The aim of the Hutter Prize is to compress the first 1GB of Wikipedia to the smallest possible size. From the AIXI standpoint, compression is equal to AI, and if we can compress this to the ideal size (75MB according to Shannon's lower estimate), then the compression algorithm is equivalent to AIXI.
However, all the winning solutions so far are based on arithmetic encoding, context mixing. These solutions hold little relevance in mainstream AGI research.
Current day LLMs are really powerful models of our world.And it is highly possible that most LLMs are trained on data that consist of the first 1GB of Wikipedia. Therefore, with appropriate prompting, it should be possible to extract most or all of this data from the LLMs.
I am looking for ideas/papers which would help me validate whether it is possible to extract pieces of wikipedia using prompts with any publicly available LLMs.
update: i have recently learnt regarding gpt-4's compression abilities via prompting, i am very keen in testing this using this method. If anyone is willing to work with me (as i do not have access to gpt-4) it would be great.

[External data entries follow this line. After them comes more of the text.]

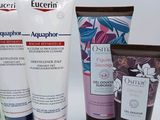 four different types of skin care products on a white surface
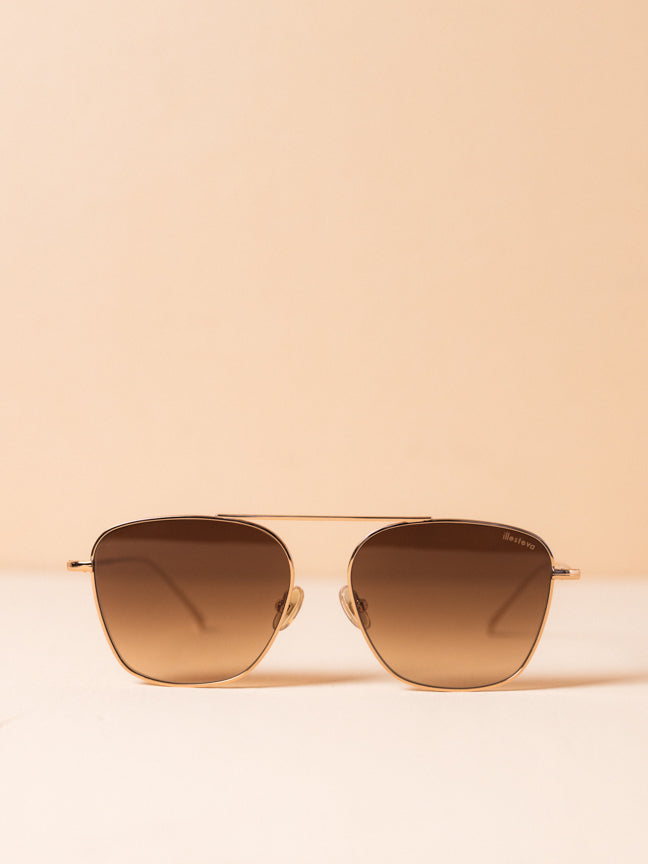 Illesteva wire framed sunglasses with a single bridge at the the brown and nose pads. The frames are a subtle rose gold and the lenses are a light brown ombre. Illesteva Samos sunglasses in rose gold. Style Number: SMO3BRFG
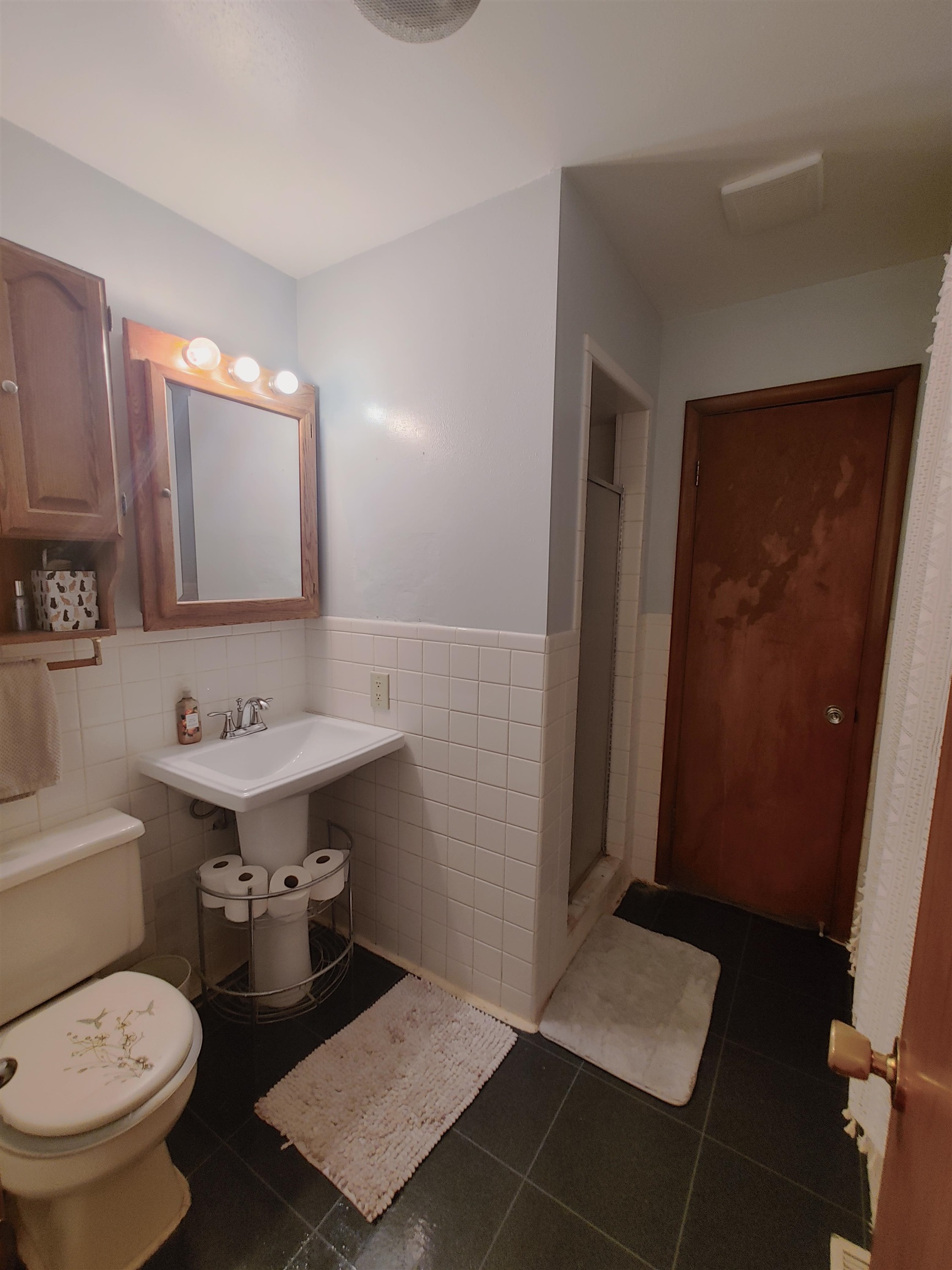 5515 Rotary Road Cherry Valley, IL 61016 - Photo 30 of 31 a bathroom with a sink toilet a mirror and vanity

But that's a different question from trying to generate a WP article's next token, which is what you defined as failure. You said even with the full context, it couldn't predict the next token. I'm pointing out that you almost certainly can find an adversarial prompt (plus shortened prefix) which programs it to predict the right next token. It's just that you would need a different adversarial prompt to program for the next token after that, and then the next, and so on, in what is presumably some sort of sliding window over all of Wikipedia, while to be interesting in any substantive sense you'd need it to be a single fixed prompt which elicits accurate predictions of every token. It's whether there is one fixed prompt, not the question of is there any prompt which would've correctly predicted the next token for your specific article example. The latter is almost certainly true (demonstrating a weakness in your counterexample), and the former almost certainly false.